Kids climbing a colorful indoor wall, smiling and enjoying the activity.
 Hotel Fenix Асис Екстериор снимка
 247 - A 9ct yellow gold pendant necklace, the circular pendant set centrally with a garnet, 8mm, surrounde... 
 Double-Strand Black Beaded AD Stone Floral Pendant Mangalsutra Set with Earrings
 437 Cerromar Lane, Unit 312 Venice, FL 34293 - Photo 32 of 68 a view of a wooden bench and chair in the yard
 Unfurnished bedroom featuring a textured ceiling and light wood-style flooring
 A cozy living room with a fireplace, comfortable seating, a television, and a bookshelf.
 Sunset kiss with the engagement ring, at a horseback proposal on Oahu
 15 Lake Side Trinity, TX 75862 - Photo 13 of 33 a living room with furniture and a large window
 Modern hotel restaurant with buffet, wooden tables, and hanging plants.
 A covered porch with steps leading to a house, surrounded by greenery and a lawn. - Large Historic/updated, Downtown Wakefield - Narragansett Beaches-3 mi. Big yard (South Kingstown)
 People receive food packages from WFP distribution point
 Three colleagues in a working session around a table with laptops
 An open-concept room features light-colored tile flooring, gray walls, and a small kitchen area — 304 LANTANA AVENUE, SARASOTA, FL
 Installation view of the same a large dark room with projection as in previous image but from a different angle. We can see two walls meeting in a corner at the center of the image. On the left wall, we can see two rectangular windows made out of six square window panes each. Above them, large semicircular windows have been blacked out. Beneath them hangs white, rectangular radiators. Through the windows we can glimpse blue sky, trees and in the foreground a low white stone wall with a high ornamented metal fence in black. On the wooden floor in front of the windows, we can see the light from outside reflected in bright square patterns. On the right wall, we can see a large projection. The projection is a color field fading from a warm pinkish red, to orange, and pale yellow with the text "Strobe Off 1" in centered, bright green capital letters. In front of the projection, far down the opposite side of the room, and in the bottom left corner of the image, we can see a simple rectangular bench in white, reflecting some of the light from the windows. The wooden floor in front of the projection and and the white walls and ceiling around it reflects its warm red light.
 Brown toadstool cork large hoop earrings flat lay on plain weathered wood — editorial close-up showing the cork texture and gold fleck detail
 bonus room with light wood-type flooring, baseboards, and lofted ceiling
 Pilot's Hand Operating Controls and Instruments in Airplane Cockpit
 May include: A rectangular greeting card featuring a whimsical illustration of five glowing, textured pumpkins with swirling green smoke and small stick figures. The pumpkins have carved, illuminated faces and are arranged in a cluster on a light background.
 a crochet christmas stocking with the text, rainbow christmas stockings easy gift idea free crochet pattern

EXERCISE DESCRIPTION: All of the material must be written out again without any change.

EXPECTED ANSWER:
Kids climbing a colorful indoor wall, smiling and enjoying the activity.
 Hotel Fenix Асис Екстериор снимка
 247 - A 9ct yellow gold pendant necklace, the circular pendant set centrally with a garnet, 8mm, surrounde... 
 Double-Strand Black Beaded AD Stone Floral Pendant Mangalsutra Set with Earrings
 437 Cerromar Lane, Unit 312 Venice, FL 34293 - Photo 32 of 68 a view of a wooden bench and chair in the yard
 Unfurnished bedroom featuring a textured ceiling and light wood-style flooring
 A cozy living room with a fireplace, comfortable seating, a television, and a bookshelf.
 Sunset kiss with the engagement ring, at a horseback proposal on Oahu
 15 Lake Side Trinity, TX 75862 - Photo 13 of 33 a living room with furniture and a large window
 Modern hotel restaurant with buffet, wooden tables, and hanging plants.
 A covered porch with steps leading to a house, surrounded by greenery and a lawn. - Large Historic/updated, Downtown Wakefield - Narragansett Beaches-3 mi. Big yard (South Kingstown)
 People receive food packages from WFP distribution point
 Three colleagues in a working session around a table with laptops
 An open-concept room features light-colored tile flooring, gray walls, and a small kitchen area — 304 LANTANA AVENUE, SARASOTA, FL
 Installation view of the same a large dark room with projection as in previous image but from a different angle. We can see two walls meeting in a corner at the center of the image. On the left wall, we can see two rectangular windows made out of six square window panes each. Above them, large semicircular windows have been blacked out. Beneath them hangs white, rectangular radiators. Through the windows we can glimpse blue sky, trees and in the foreground a low white stone wall with a high ornamented metal fence in black. On the wooden floor in front of the windows, we can see the light from outside reflected in bright square patterns. On the right wall, we can see a large projection. The projection is a color field fading from a warm pinkish red, to orange, and pale yellow with the text "Strobe Off 1" in centered, bright green capital letters. In front of the projection, far down the opposite side of the room, and in the bottom left corner of the image, we can see a simple rectangular bench in white, reflecting some of the light from the windows. The wooden floor in front of the projection and and the white walls and ceiling around it reflects its warm red light.
 Brown toadstool cork large hoop earrings flat lay on plain weathered wood — editorial close-up showing the cork texture and gold fleck detail
 bonus room with light wood-type flooring, baseboards, and lofted ceiling
 Pilot's Hand Operating Controls and Instruments in Airplane Cockpit
 May include: A rectangular greeting card featuring a whimsical illustration of five glowing, textured pumpkins with swirling green smoke and small stick figures. The pumpkins have carved, illuminated faces and are arranged in a cluster on a light background.
 a crochet christmas stocking with the text, rainbow christmas stockings easy gift idea free crochet pattern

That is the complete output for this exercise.